『アルキメデスは手を汚さない』

1973年、乱歩賞受賞作品です。当時、深夜放送「オールナイトニッポン」でこのCMが流れてました。
推理小説が好きで、この本というかこの人の小説は繰り返して読んだ記憶があります。プロローグ、エピローグという言葉を知ったのも氏の小説から。
1970年代の時代背景を知っていないとこの小説の良さは分からないかな。大人びた高校生、子供じみた正義感の高校生、当時の言葉でいう少し飛んだ高校生たち。
ピカレスク小説。不良とは違う、どこかかっこいい、小気味よい少年たちの話。
ネット検索をかけてみると東野圭吾氏が作家になるきっかけになった小説らしいですね。


タイトルに仕掛けられた裏の意味には非常にしびれました。物語の真相を言い当てていると同時に、高校生たちがしでかしてしまったことへの哲学的な考察を含んでいます。

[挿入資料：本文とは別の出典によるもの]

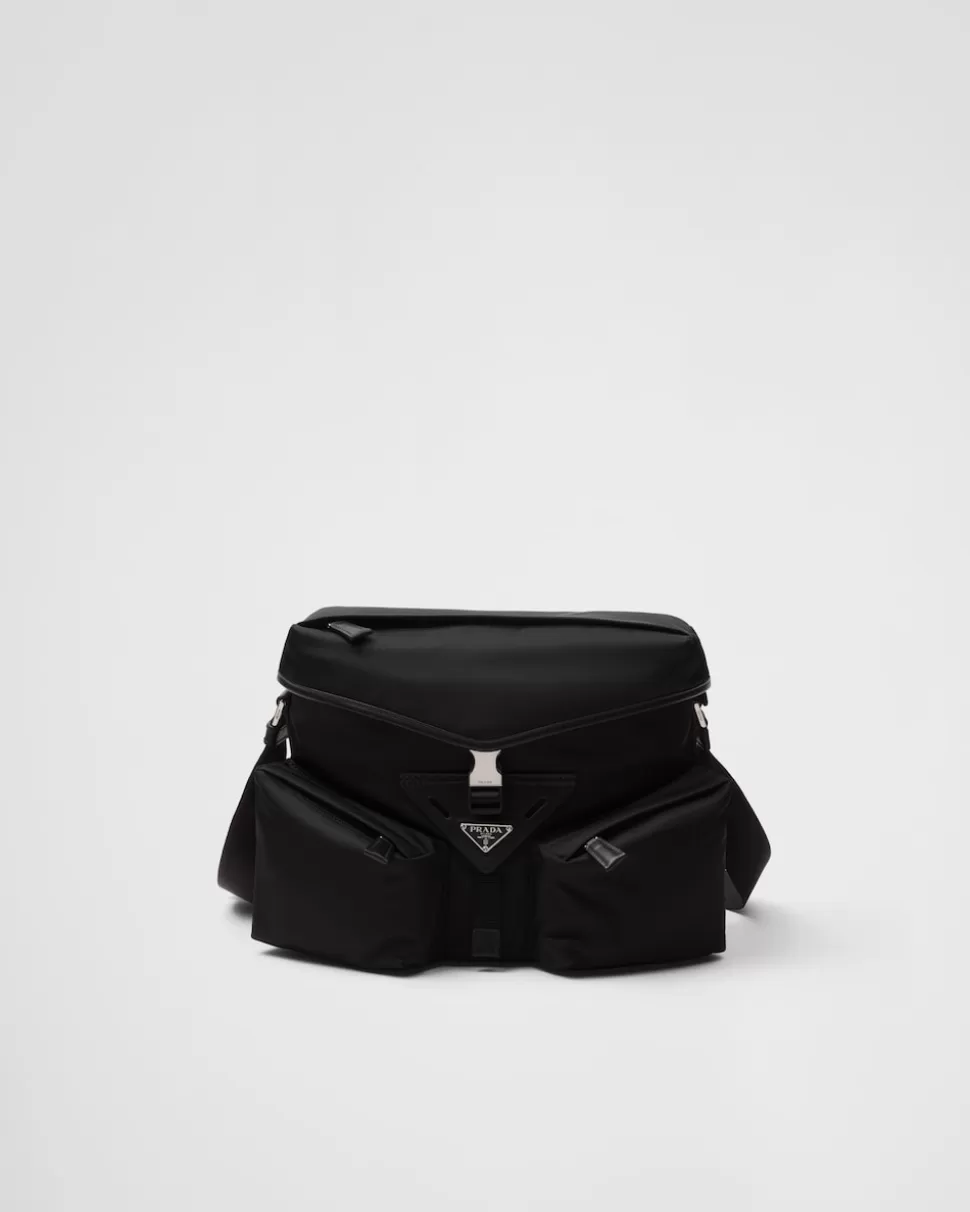 Best Sale Prada Schultertasche Aus Re-nylon Und Leder Schwarz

「いいかい、アルキメデスが発明した殺人機械は、大勢のローマ兵を殺した。彼は殺人機械を発明しただけで、実際に操作したのはシラクサの兵士たちだ。だからアルキメデスの手は汚れていないと言えるだろうか。彼が名利を超越した学者だという伝説を、僕は信じないね。君の言うように、"美と高貴の具わっている事柄にのみ自分の抱負を置く"人だったら、いくらヒエロン王に命じられたって殺人機械の設計はしなかっただろうからね。」

大勢の敵兵を殺すことを分かっていながら、殺人兵器を作ることは罪に当たるかどうか。アルキメデスの時代から原子爆弾投下までを貫く永遠の難問が、高校生の前にも立ち現れるわけです。

「お互いに、もうお伽噺の年齢は過ぎたんだぜ。汚れた世間には、手を汚して立ち向かおうじゃないか。」

この締めもなかなか素敵。子供から大人へと目まぐるしく成長していくこの時期ならではの青臭い言葉です。